The results of ASR feedback delay experiment showed that users’ perception of delay time was not influenced by screen size or the length of queries subjects input. From the end of users’ input to the being query displayed on the screen, subjects were satisfied when the ASR feedback delay time was less than 431 ms and thought it was acceptable when the delay time was less than 1673 ms. It should be noted that in addition to the real-time display mode, there is also non-real-time display mode, in which the query will be displayed integrally on the screen until all speech recognition is finished. Based on Barnett’s [27] and Tom’s [28] research, the perception of delay time was affected by user’s subjective factors, so the ASR feedback display mode might affect user’s subjective perception. We suggest that the satisfied and acceptable delay time under non-real-time display mode should be further investigated.

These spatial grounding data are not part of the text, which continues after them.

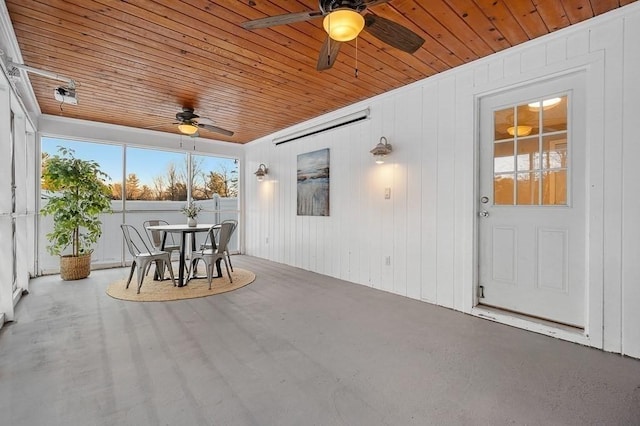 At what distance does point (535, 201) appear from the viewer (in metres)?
2.92

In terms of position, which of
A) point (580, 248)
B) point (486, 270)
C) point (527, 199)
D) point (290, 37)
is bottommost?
point (486, 270)

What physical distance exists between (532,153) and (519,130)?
0.26 meters

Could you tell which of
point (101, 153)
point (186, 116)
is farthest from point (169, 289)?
point (101, 153)

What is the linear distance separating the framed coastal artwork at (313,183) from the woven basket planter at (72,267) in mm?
3419

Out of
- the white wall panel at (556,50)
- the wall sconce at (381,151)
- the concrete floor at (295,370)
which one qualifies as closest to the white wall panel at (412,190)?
the wall sconce at (381,151)

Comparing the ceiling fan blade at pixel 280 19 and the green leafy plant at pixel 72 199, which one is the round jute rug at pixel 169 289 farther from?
the ceiling fan blade at pixel 280 19

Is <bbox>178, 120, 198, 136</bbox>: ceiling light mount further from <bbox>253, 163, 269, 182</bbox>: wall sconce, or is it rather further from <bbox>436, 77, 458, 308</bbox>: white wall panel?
<bbox>436, 77, 458, 308</bbox>: white wall panel

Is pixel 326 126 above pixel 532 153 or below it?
above

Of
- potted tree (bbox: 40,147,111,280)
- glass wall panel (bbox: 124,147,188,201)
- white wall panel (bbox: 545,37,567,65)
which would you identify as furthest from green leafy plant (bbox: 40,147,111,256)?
white wall panel (bbox: 545,37,567,65)

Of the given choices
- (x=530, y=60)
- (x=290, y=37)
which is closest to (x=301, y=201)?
(x=290, y=37)

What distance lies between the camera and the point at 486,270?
128 inches

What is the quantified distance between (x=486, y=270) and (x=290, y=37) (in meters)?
2.92

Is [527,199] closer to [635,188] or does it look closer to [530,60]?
[635,188]

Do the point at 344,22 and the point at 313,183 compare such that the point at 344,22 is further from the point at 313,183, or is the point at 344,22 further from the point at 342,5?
the point at 313,183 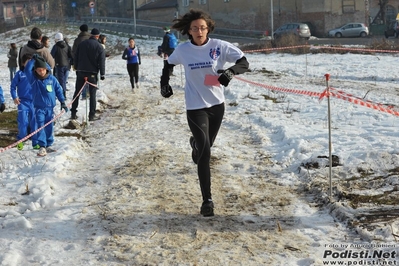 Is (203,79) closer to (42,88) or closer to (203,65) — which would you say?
(203,65)

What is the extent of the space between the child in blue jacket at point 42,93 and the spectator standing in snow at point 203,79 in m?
3.76

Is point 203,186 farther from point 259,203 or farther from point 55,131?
point 55,131

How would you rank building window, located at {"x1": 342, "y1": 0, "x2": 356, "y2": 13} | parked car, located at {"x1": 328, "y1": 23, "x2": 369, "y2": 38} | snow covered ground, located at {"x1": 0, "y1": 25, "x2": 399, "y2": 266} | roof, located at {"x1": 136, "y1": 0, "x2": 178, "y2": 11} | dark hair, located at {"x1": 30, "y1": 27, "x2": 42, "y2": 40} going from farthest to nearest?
roof, located at {"x1": 136, "y1": 0, "x2": 178, "y2": 11}
building window, located at {"x1": 342, "y1": 0, "x2": 356, "y2": 13}
parked car, located at {"x1": 328, "y1": 23, "x2": 369, "y2": 38}
dark hair, located at {"x1": 30, "y1": 27, "x2": 42, "y2": 40}
snow covered ground, located at {"x1": 0, "y1": 25, "x2": 399, "y2": 266}

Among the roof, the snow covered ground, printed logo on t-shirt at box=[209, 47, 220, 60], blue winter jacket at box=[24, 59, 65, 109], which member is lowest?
the snow covered ground

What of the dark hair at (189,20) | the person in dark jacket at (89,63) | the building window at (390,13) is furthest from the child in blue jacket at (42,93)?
the building window at (390,13)

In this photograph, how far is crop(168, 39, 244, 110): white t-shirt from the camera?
19.2 feet

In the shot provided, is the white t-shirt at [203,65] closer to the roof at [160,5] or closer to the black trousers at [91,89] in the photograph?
the black trousers at [91,89]

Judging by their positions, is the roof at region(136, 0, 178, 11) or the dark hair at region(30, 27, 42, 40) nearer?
the dark hair at region(30, 27, 42, 40)

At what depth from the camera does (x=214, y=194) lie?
6.56 meters

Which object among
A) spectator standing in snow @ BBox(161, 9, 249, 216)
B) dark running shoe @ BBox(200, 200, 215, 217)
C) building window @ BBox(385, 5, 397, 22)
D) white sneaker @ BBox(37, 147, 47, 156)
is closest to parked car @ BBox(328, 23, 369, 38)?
building window @ BBox(385, 5, 397, 22)

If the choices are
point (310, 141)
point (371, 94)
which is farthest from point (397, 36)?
point (310, 141)

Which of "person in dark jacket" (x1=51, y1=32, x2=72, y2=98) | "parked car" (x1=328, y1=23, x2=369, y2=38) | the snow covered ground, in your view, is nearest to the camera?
the snow covered ground

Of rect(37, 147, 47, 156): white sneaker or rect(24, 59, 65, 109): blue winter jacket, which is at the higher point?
rect(24, 59, 65, 109): blue winter jacket

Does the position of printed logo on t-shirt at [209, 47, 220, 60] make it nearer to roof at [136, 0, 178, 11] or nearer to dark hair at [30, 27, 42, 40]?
dark hair at [30, 27, 42, 40] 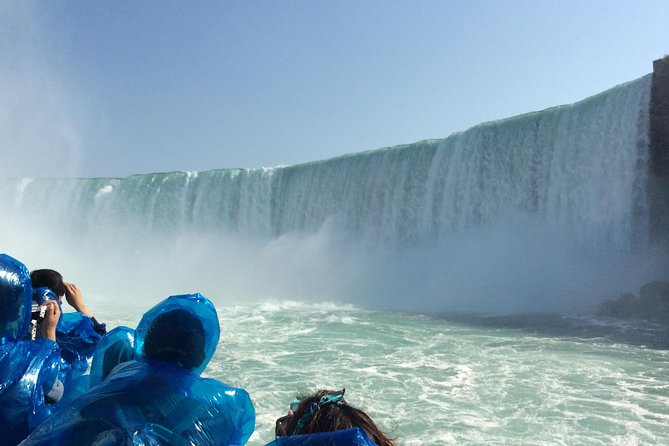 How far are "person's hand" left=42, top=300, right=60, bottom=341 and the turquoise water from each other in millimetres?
1501

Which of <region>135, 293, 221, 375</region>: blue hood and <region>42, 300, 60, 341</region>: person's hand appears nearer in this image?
<region>135, 293, 221, 375</region>: blue hood

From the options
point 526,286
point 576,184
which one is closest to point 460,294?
point 526,286

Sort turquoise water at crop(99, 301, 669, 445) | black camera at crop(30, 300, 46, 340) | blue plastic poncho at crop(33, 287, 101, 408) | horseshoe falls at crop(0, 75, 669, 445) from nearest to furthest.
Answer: black camera at crop(30, 300, 46, 340) → blue plastic poncho at crop(33, 287, 101, 408) → turquoise water at crop(99, 301, 669, 445) → horseshoe falls at crop(0, 75, 669, 445)

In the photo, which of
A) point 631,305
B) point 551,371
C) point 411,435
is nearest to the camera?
point 411,435

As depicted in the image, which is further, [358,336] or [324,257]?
[324,257]

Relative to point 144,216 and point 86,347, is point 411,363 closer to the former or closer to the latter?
point 86,347

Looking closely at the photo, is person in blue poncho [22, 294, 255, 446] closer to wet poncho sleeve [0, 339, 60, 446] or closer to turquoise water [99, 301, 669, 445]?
wet poncho sleeve [0, 339, 60, 446]

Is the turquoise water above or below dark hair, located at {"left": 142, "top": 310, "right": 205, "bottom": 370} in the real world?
below

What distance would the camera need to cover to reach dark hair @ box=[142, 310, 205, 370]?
→ 4.19 feet

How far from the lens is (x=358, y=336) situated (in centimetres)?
976

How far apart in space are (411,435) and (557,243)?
11.9m

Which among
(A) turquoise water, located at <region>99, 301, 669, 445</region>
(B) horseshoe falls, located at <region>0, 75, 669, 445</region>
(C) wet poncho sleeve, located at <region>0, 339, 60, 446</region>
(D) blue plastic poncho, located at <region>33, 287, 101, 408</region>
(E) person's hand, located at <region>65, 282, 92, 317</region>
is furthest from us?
(B) horseshoe falls, located at <region>0, 75, 669, 445</region>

The results of query response delay and loading response delay experiment showed that the screen size of smart devices still did not affect the perception of response delay time. In query response stage, subjects were satisfied when delay time was less than 867 ms and felt it was acceptable when the delay time was less than 2537 ms. In loading response stage, subjects were satisfied when delay time was less than 564 ms and feel acceptable when the delay time was less than 2353 ms. Comparing with query response delay time, subjects showed higher requirement of faster for loading response delay, that was, the delay time in loading response stage needed to be shorter than in query response stage for them to feel satisfied. Combining the interviews after the second experiment, subjects generally thought that there were different reasons for the response delay in the two stages. Some participants thought that the delay time of query response time was mainly affected by the performance of the product, specifically it was related to search algorithm and efficiency, while the delay time of loading response time was mainly affected by network conditions. Subjects were more tolerant of search algorithm and efficiency than network condition. In addition, it should be mentioned that only video search scenario was involved in the second experiment, and the system output usually included a large amount of multimedia information such as pictures, graphs and texts. For Encyclopedia queries, weather queries and other text-based output scenarios, the response delay should also be further studied.

5 Conclusion

This paper targeted at multimodal interface with voice as dominant modality, we built a research framework to evaluate response delay according to user perception during the voice interaction, in which the system output process was divided into three successive stages. We conducted two experiments to evaluate the response delay in each stage, a smart speaker with screen and a smart TV were involved in the experiment, the first experiment was designed to measure automatic speech recognition (ASR) feedback delay time. Results indicated that, from the end of user input to query displayed on the screen, users were satisfied when the ASR feedback delay time was less than 431 ms and felt it was acceptable when the delay time was less than 1673 ms. In the second experiment, we aimed to measure query response delay time and loading response delay time. We found that users were satisfied when delay time was less than 867 ms and felt it was acceptable when the delay time was less than 2537 ms in query response stage. In loading response stage, users were satisfied when delay time was less than 564 ms and felt it was acceptable when the delay time was less than 2353 ms.